Zhang reports, “Our recent study, which was published in Physical Review Letters, has addressed both questions. We found that when a fish is misaligned to an oncoming flow, the pressure difference across its body, due to the motion of the flows, is well correlated to the density of the flow-detecting sensors. In other words, as a result of natural evolution in their fluid environment, these sensors are optimally located or configured to retrieve flow signals. Our finding strongly suggests that the lateral line systems of fish operate like ‘hydrodynamical antennas’ that help swimming fish to orient themselves in their natural habitat.”
This theory was tested with a rainbow trout model, replicating the location of the fish’s canals and using illuminated flow markers to detect surrounding water speed. With replicated aquatic conditions such as changes in water flow altering water pressure and the suggested presence of ‘prey,’ they examined the canal locations in relation to the strongest changes in water pressure. Like an antenna, the fish’s canal system proved sensitive to pressure changes.
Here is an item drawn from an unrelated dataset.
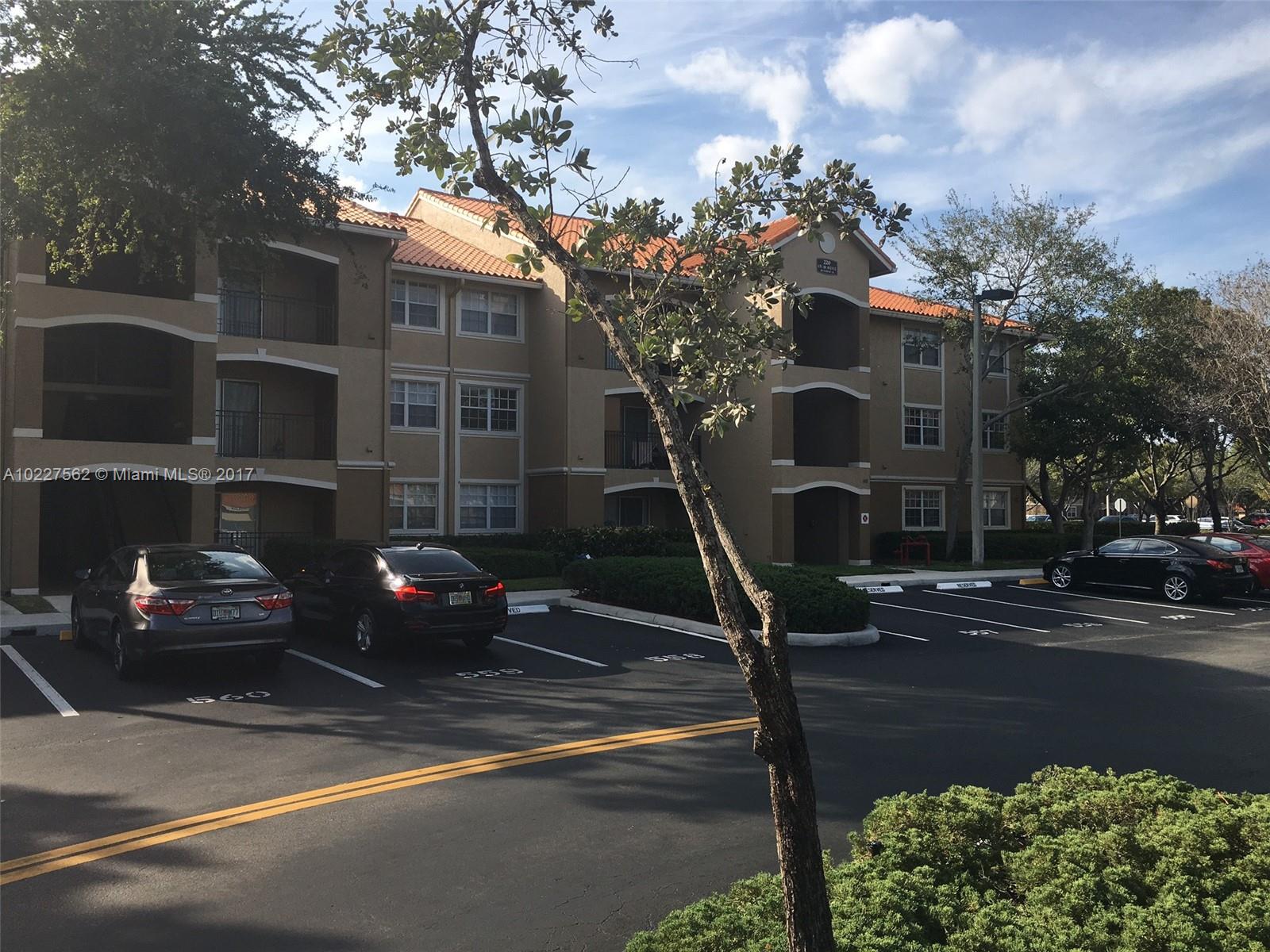 LOVELY 1/1 APARTMENT WITH ONE PARKING ASSIGNED PARKING SPACE PLUS ONE CAR GARAGE. CENTRALLY LOCATED, JUST STEPS FROM TRADER JOE'S, PETSMART, PEMBROKE LAKES MALL, ETC. FULL SIZE WASHER AND DRYER IN THE UNIT. LARGE BALCONY. GREAT COMMUNITY WITH POOL, GYM, CLUB HOUSE AND PLAYGROUND. JUST TWO MONTHS TO MOVE IN. GREAT OPPORTUNITY. ONLY 1/1 WITH TWO PARKING SPACES.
Other authors of this study include Leif Ristroph, an assistant professor at New York University's Courant Institute of Mathematical Sciences, and James Liao, an assistant professor at the University of Florida's Whitney Laboratory for Marine Bioscience.
"You can't put pressure sensors on a live fish and have it behave normally," Liao says. "This was a creative way to use engineering and physics techniques to answer biological questions you can't answer otherwise."